Subscribers were told about this earlier today.
* Gov. Rauner’s letter to all state employees
* Labor Board Filing FAQs
* Summary of Major Concessions to AFSCME
…Adding… From the FAQ…
We would love to continue negotiating if it meant we could reach a deal with AFSCME. AFSCME’s actions at the bargaining table and their comments over the last week are strong evidence why further negotiation is no longer worthwhile. While the Governor has indicated he now shares the views of his bargaining team that the parties are at an impasse, today’s action simply asks the Labor Board to resolve this dispute.
More from the FAQ…
The tolling agreement that the Governor and AFSCME signed and renewed several times prohibits either side from declaring impasse unilaterally. Today’s action does two things. First, it asks the Labor Board to determine that AFSCME has committed an unfair labor practice by bargaining in bad faith. Second, under the tolling agreement, the parties can ask the Labor Board to decide if they are at impasse, but only the Labor Board can make a final determination. All that the Governor did this morning is to ask the Labor Board to determine if AFSCME has been bargaining in bad faith and whether the parties are at an impasse. Since the parties disagree about whether they are at an impasse, the only tribunal that can answer this question is the Labor Board. […]
During the debate over SB 1229, the Governor committed to continue to negotiate in good faith, and he has kept that commitment. At the Governor’s initiative, the parties extended indefinitely the tolling agreement that was initially set to expire September 30, 2015. That agreement requires both parties to negotiate in good faith. AFSCME has not been bargaining in good faith. […]
The Board will now determine whether the Governor’s filing properly before it and, if so, whether an evidentiary hearing should be scheduled. If a hearing is scheduled, the Administrative Law Judge (ALJ) assigned to this matter will conduct the hearing and, after its conclusion, receive the parties’ written submissions. After the ALJ has ruled on these issues, either party can appeal to the Board.

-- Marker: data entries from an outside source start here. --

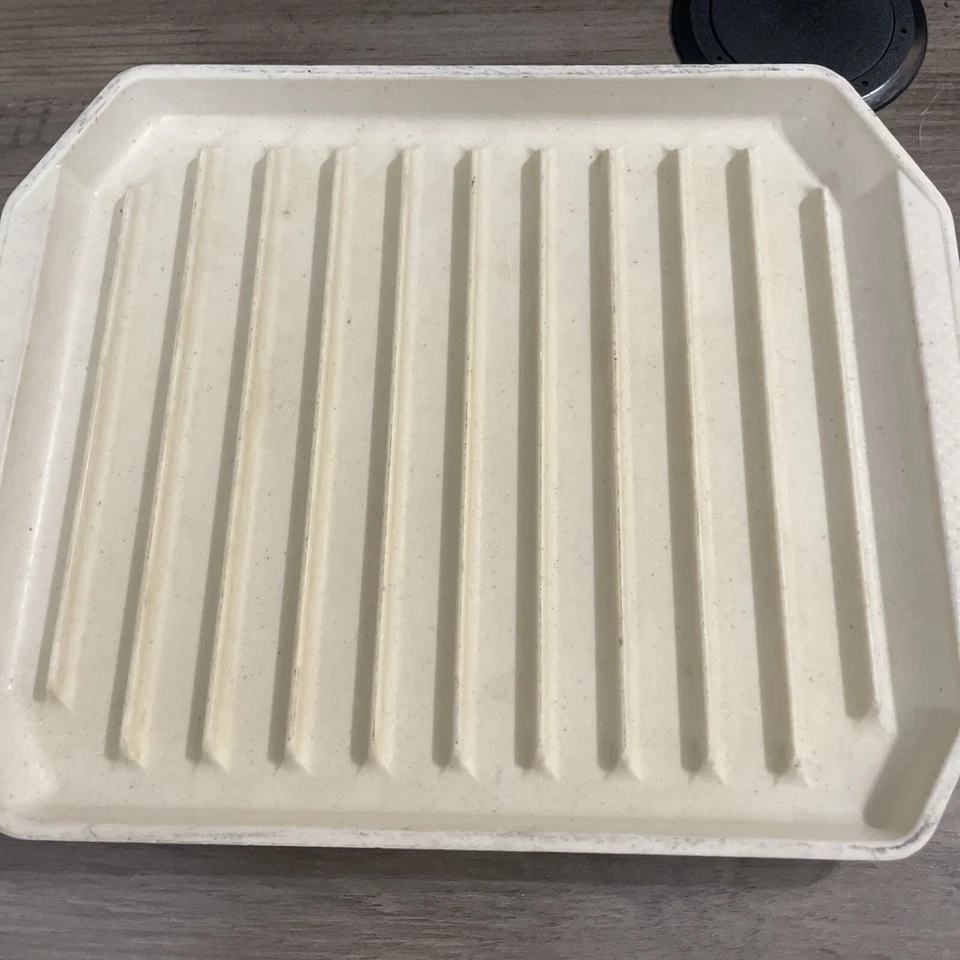 Nordic Ware Compact Bacon Tray - Image 2 of 4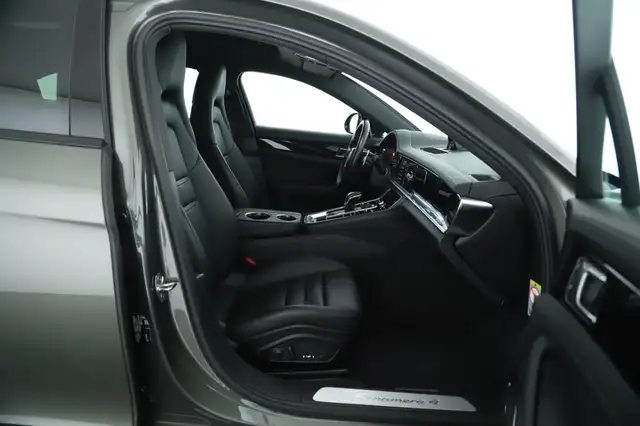 Porsche Panamera 4 E-Hybrid Sport Turismo SPORTDESIGN Ansicht 12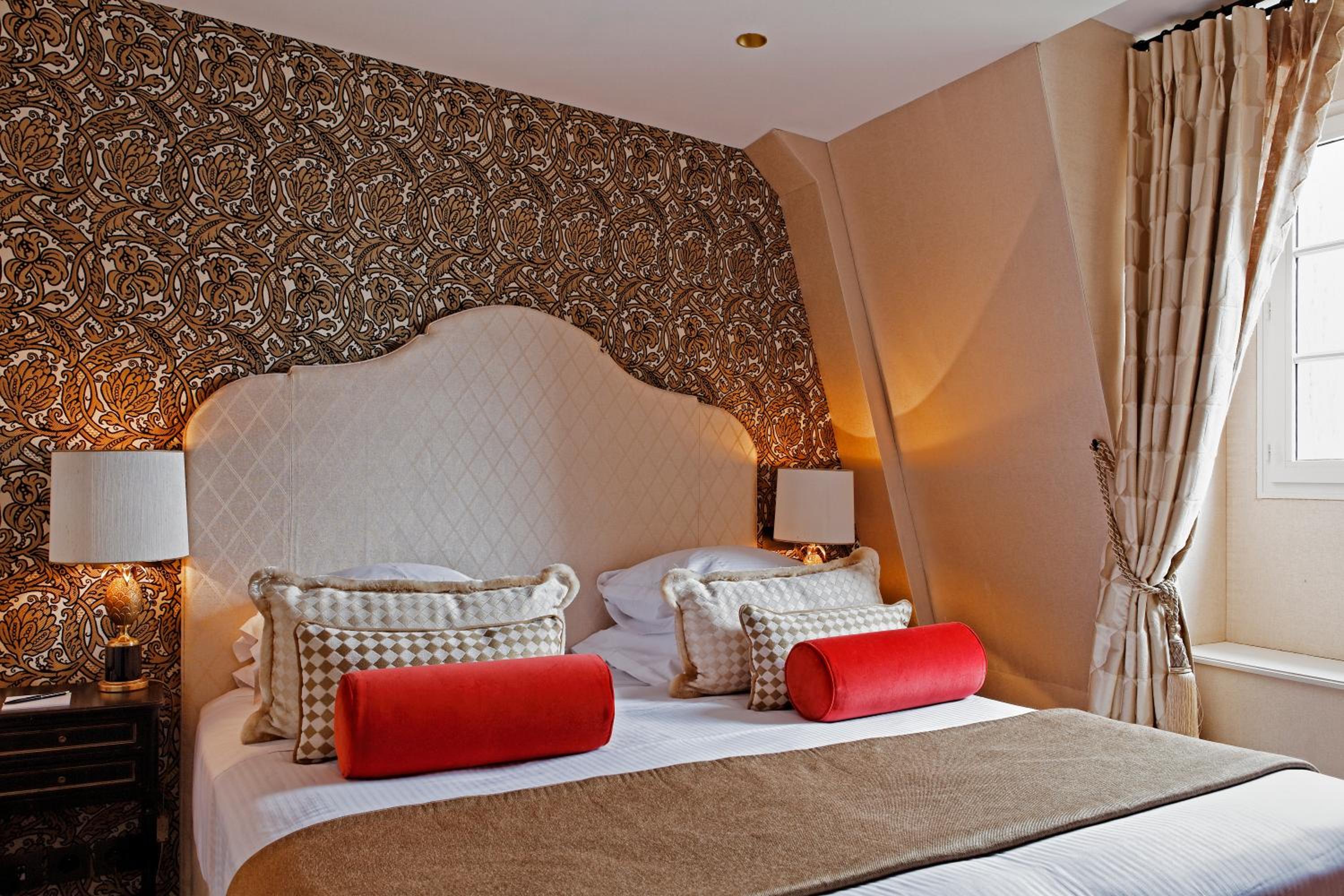 Deluxe Junior Suite photo 2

The Board will then issue the final decision. […]
Under the terms of the tolling agreement, it is the Labor Board’s right to decide if the parties are at impasse, whether the State has presented its best and final offer, and when it can be implemented. The Governor will accept the Board’s direction on these questions. It is critical to mention that the last offer made by the State to AFSCME is virtually identical to the agreements signed by 17 other unions. These agreements were ratified in many cases by over 80% of state employees in those unions. This is not a radical or extreme contract as AFSCME has portrayed, but one that is fair, reasonable, and overwhelming accepted by large portions of state government already. It is also reasonable when compared to our neighbors: under the State’s proposal, state workers would continue to make over $20,000 more per year, on average, than their peers in Indiana and Missouri.